Daniel Dewey, 'Learning What to Value'
Abstract: I.J. Good's theory of an "intelligence explosion" predicts that ultraintelligent agents will undergo a process of repeated self-improvement. In the wake of such an event, how well our values are fulfilled will depend on whether these ultraintelligent agents continue to act desirably and as intended. We examine several design approaches, based on AIXI, that could be used to create ultraintelligent agents. In each case, we analyze the design conditions required for a successful, well-behaved ultraintelligent agent to be created. Our main contribution is an examination of value-learners, agents that learn a utility function from experience. We conclude that the design conditions on value-learners are in some ways less demanding than those on other design approaches.
Actually, our current concept of UDT should handle this problem automatically, at least in theory. I'll try to explain how it works.

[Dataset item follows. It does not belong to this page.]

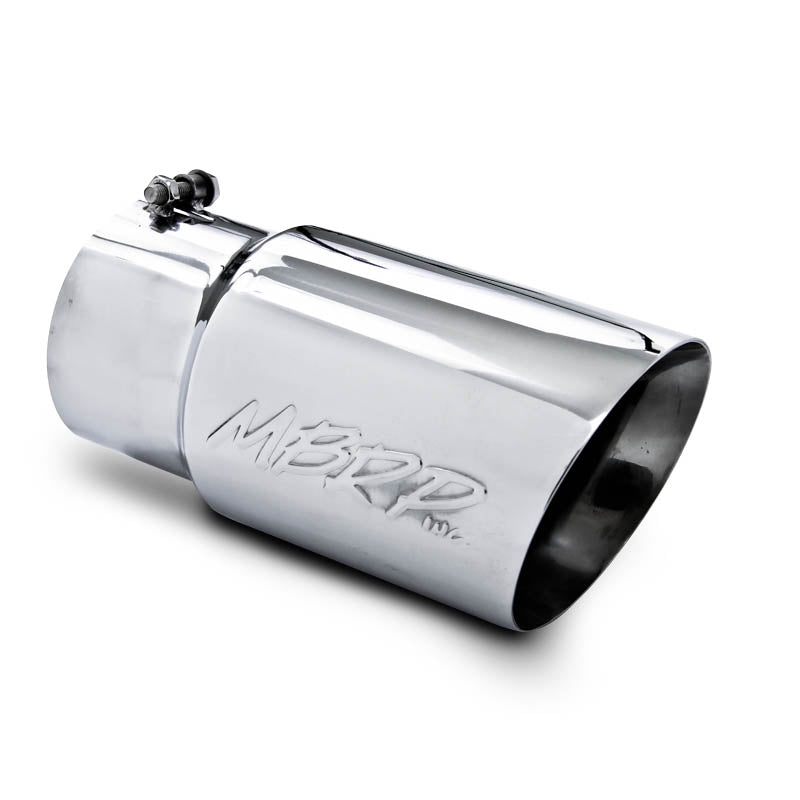 ~(5 lbs. 15X7X7)~ Universal T304 Stainless Steel Tip 6in OD Dual Wall Angled 5in inlet 12in length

First, assume that the world is a computer program with known source code W. (The general case is a prior distribution over possible world-programs, the solution will generalize to that case easily.) Further imagine that the agent is also a computer program that knows its own source code A. The way the agent works is by investigating the logical consequences of its decisions; that is, it tries to find plausible mathematical statements of the form "A() == a logically implies W() == w" for different values of a and w.
One way of finding such statements is by inspecting the source code of W and noticing that there's a copy of A (or its logical equivalent) embedded somewhere within it, and the return value of that embedded copy can be used to compute the return value of W itself. Note that this happens "implicitly", we don't need to tell the agent "where" it is within the world, it just needs to search for mathematical statements of the specified form. Also note that if W contains multiple logically equivalent copies of A (e.g. if they're playing a symmetric PD, or someone somewhere is running a predictor simulation of A, etc.), then the approach handles that automatically too.
See Wei Dai's original UDT post for another explanation. I've made many posts along these lines too, for example, this one describes "embodied" thingies that can dismantle their own hardware for spare parts and still achieve their values.
It sounds pretty wild. Do you think it would help any with the wirehead problem?